Provided data –
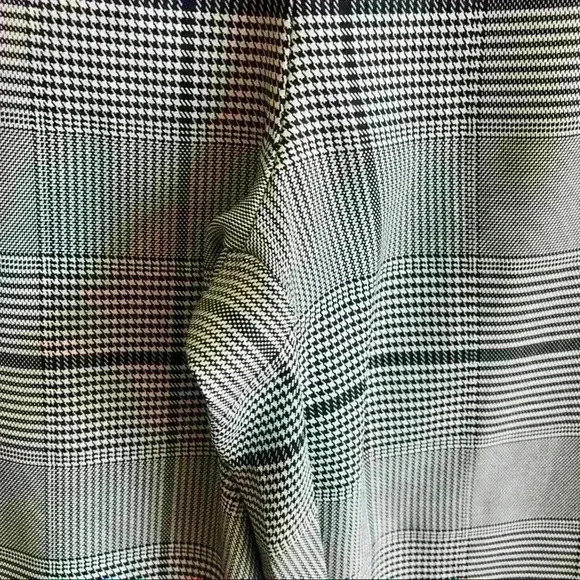 NEW! J.O.A. Plaid Cropped Pants with Pearls - Picture 5 of 9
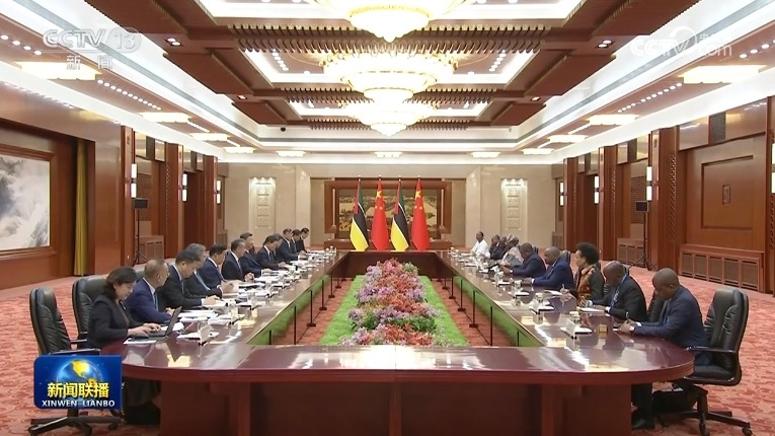习近平会见莫桑比克总统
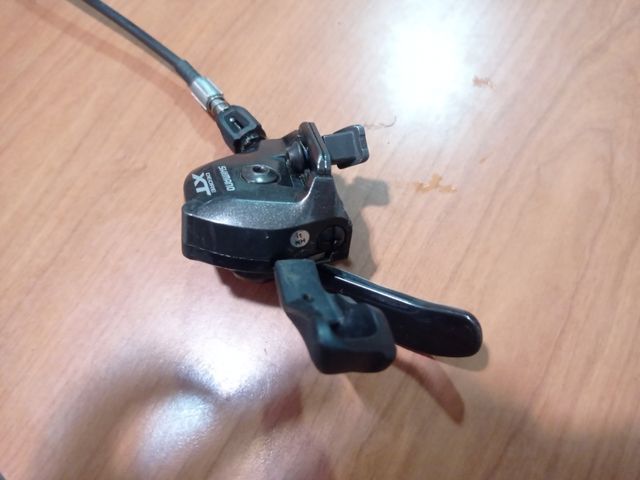 Pulsador/maneta izquierda de cambio plato xt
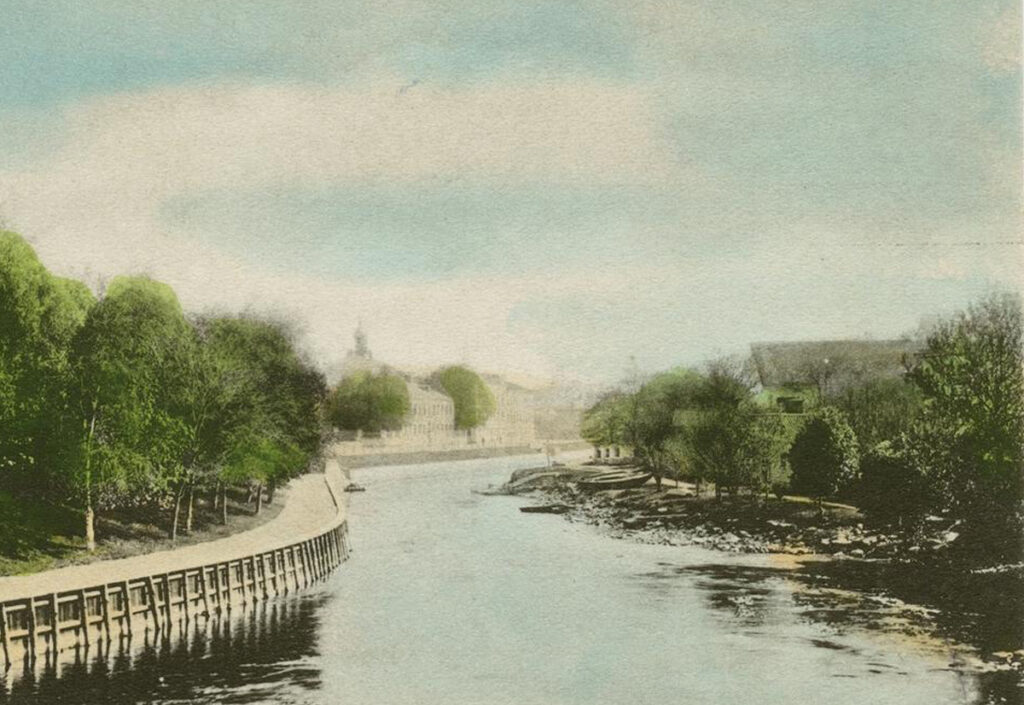 En äldre målning som visar Gavleån och stränderna strax nedanför Heliga trefaldighetskyrkan i Gävle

Exercise aim – From the line containing "Pulsador/maneta izquierda de cambio plato xt" to the end of the data above, give those lines again verbatim, with both endpoints included and no images.

Answer below –
 Pulsador/maneta izquierda de cambio plato xt
 En äldre målning som visar Gavleån och stränderna strax nedanför Heliga trefaldighetskyrkan i Gävle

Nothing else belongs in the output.